“Ti mando un bacio”, il romanzo dei padri in crisi in cerca di redenzione
Senza scomodare Camille Paglia e la sua teoria sull’estinzione del maschio come suicidio della civiltà, è possibile ritrovare nel romanzo opera prima del giornalista Niccolò Zancan i tratti distintivi di una decadenza inarrestabile. Il romanzo, avvincente e fluido, s’intitola Ti mando un bacio (Sperling & Kupfer), messaggio-simbolo di quattro padri ai figli, quattro uomini che sono andati in corto circuito per circostanze avverse della vita che non hanno saputo gestire.
Genitori e padri vittime di un naufragio esistenziale
Quattro maschi sfortunati e soli. Dan Martini, Marco Fournier, Sergio Mendes e Cris Vena. I figli sono il loro specchio, dove si riflette la loro immagine, che può essere assolta o condannata, o anche andare distrutta a causa di una promessa mancata. C’è amore tra questi padri fragili e le loro creature, che assistono impotenti ai naufragi genitoriali. Ma il sentimento che li lega non sembra sufficiente ad appagare ansie accresciute dalla crisi. Tutti e quattro, infatti, sono assai esauriti per colpa di una recessione che inghiotte come sempre i pesci piccoli, magari i più avventati, quelli che hanno rischiato in proprio e non ce l’hanno fatta.

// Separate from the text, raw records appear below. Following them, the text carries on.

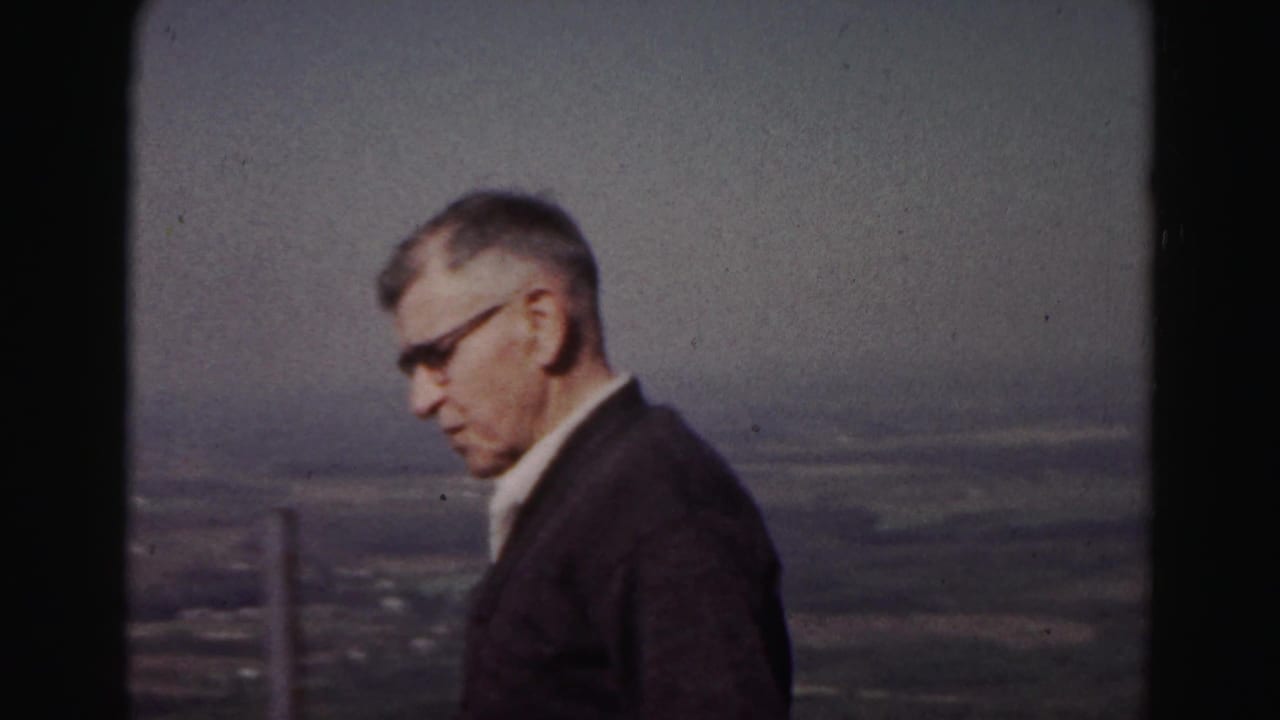 Adult man in profile stands by an overlook with a railing post and broad landscape behind him.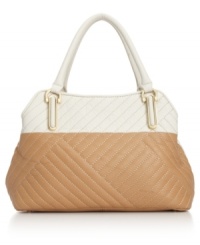 Make a definitive style statement with this decidedly elegant design from Calvin Klein. Sumptuous leather, golden hardware and detail stitching adorn the outside, while the pocket-lined interior offers exquisite organization. Make a definitive style statement with this decidedly elegant design from Calvin Klein. Sumptuous leather, golden hardware and detail stitching adorn the outside, while the pocket-lined interior offers exquisite organization.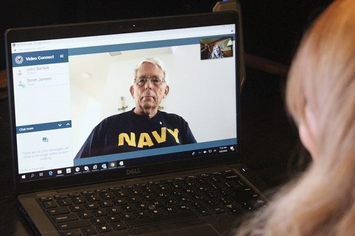 A Veteran using VA Video Connect to talk with his provider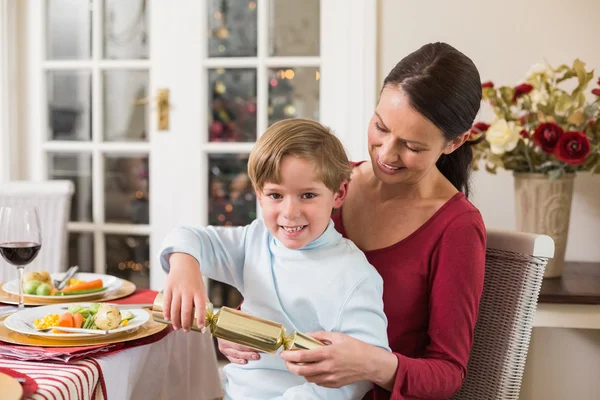 Pequeño niño tirando de una galleta de Navidad con su madre — Foto de Stock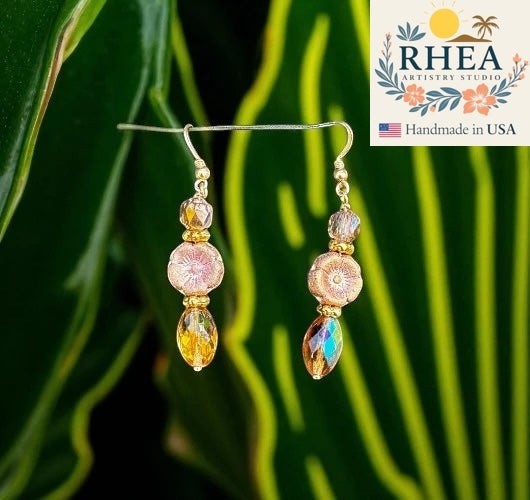 Rhea Artistry Studio pink glass hibiscus flower earrings with gold-filled findings and faceted amber drops.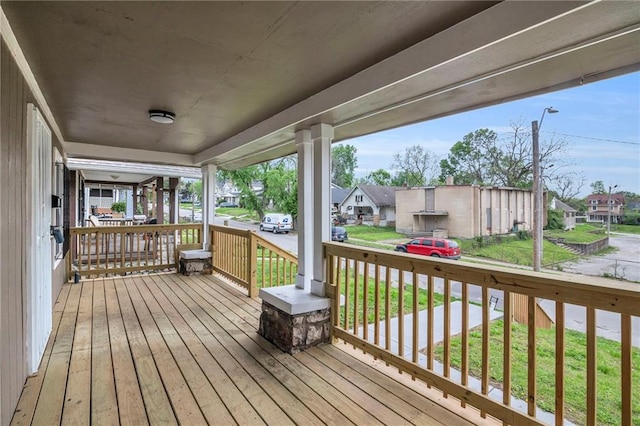 wooden deck with covered porch and a residential view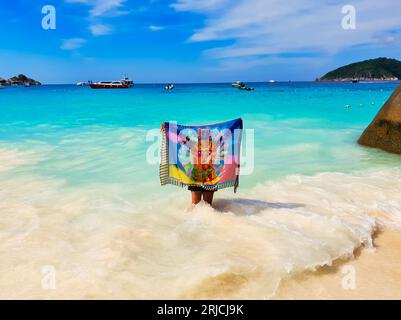 December 31st, 2018, Phuket, Thailand -A tourist poses for a photo at the scenic Similan Islands beach with blue-green waters and silver sands Stock Photo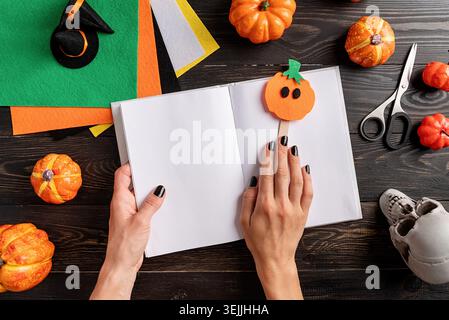 Happy Halloween concept. Making Halloween pumpkin bookmark craft. Woman hands with black nails holding pupmkin bookmark in a blank opened book. Stock Photo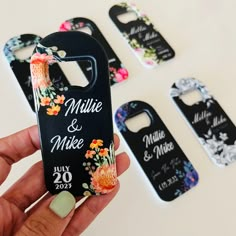 a person holding up a phone case with flowers on it and the name of their wedding date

Le donne sono comparse cattive, c’è spazio solo per i figli
A parte essere amici tra di loro, i quattro papà protagonisi di Ti mando un bacio sono personaggi solitari e sfiduciati. Le donne nella loro vita sono comparse cattive e liquide, la loro sfera emotiva è totalmente pervasa dal pensiero dei figli. La figlia di Dan che vuole i soldi per andare a Londra, quelli di Marco che aspettano un padre distratto dall’amante per vedere la partita, quello di Sergio che è preda di assistenti sociali perfide e indifferenti, e poi le figlie di Cris, che sono belle e intelligenti e supportano il loro sfortunato padre nel ruolo di “mammo” (l’unico che cerca di darsi da fare per cambiare in meglio un destino poco roseo). C’è anche spazio per l’avventura nell’intrecciarsi di queste storie di amore e solitudine (una rapina mancata, un tentativo di suicidio) ma l’approdo finale resta sempre lo stesso, il solo e unico antidoto che riesca a funzionare: ritrovare serenità in un affetto saldo, sincero, capace di bucare il grigio del quotidiano. La redenzione di questi padri abbattuti comincia da qui. E se l’obiettivo verrà colto lo dirà, magari, un secondo libro.